The exposed dashboard was in active use, we were reliably told, with
entries in the logs being processed and marked as "cleared" as
recently as last Wednesday (22nd April). We understand some links on
the publicly exposed dashboard, however, returned error messages when
clicked on, such as the so-called "hot list."

'Traffic enforcement camera'

The dashboard's cameras were identified as belonging to Sheffield City
Council after their descriptions were matched with a November 21, 2018
council document [PDF, 32 pages] and its weighty appendix [PDF, 132
pages] approving a "clean air zone" proposal. Modelled on London's
lucrative congestion tax, which grossed £230m in FY2018-19 [PDF, page
106], the proposed clean-air zone for Sheffield – in which certain
vehicles are charged a daily fee for driving into the city centre –
was to be enforced by the council's ANPR camera network, installed in
2014.

Nowhere in the public-facing 32-page council document nor the 132-page
appendix is the word "privacy" mentioned let alone "privacy impact
assessment." The only impact assessment mentioned as being carried out
was an equality one, allegedly to ensure "different communities" in
Sheffield wouldn't object to the low-emission zone.

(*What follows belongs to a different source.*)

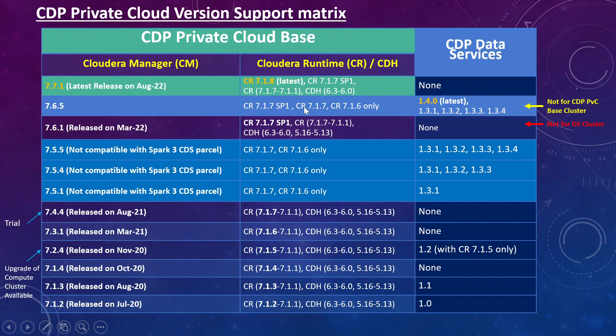Cloudera Manager 7.6.5 is only for data services, not the base version. You might already be on 7.6.1, which was released in March and supported Cloudera Runtime 7.1.7 SP1 and other older versions, but that version was also not supported for data services. If you are running base clusters only, you should be on Cloudera Manager 7.4.4 released last year in August, or 7.6.1, and recently you may upgrade to 7.7.1.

The ANPR dashboard began recording on November 20, 2018. The camera
locations and backend system date back to their 2014 deployment.
Helpfully, the council document set out examples of signs bureaucrats
promised would be erected to warn drivers they were under automated
surveillance.

What the council said it would erect around its cameras

"At all boundary entry points a sign to inform drivers that ANPR
camera technology is in use for enforcement purposes will be erected,"
the council document declared.

While locating about half of the council cameras by eye with Google
Street View, with the imagery dating from 2019, neither El Reg nor
Kubecka noticed signs explicitly mentioning ANPR – but there was no
shortage of obscurely worded "traffic enforcement" signs along with
the folding Brownie camera-like graphic associated for decades with
speed cams.

ANPR camera just off Hunter's Bar Roundabout in Sheffield. Note the
vandalized 'traffic enforcement' warning sign immediately in front of
it

Above is an example of what the council actually put up in Sheffield
city centre next to one of its ANPR cameras.

Security? Not even through obscurity

An infosec researcher who asked not to be named looked at the server
hosting the ANPR dashboard, and told us its configuration revealed the
existence of an SFTP account as well as the address of a storage drive
filled with raw ANPR images. In addition, we were told the IPv4
addresses of each and every camera was exposed through the dashboard.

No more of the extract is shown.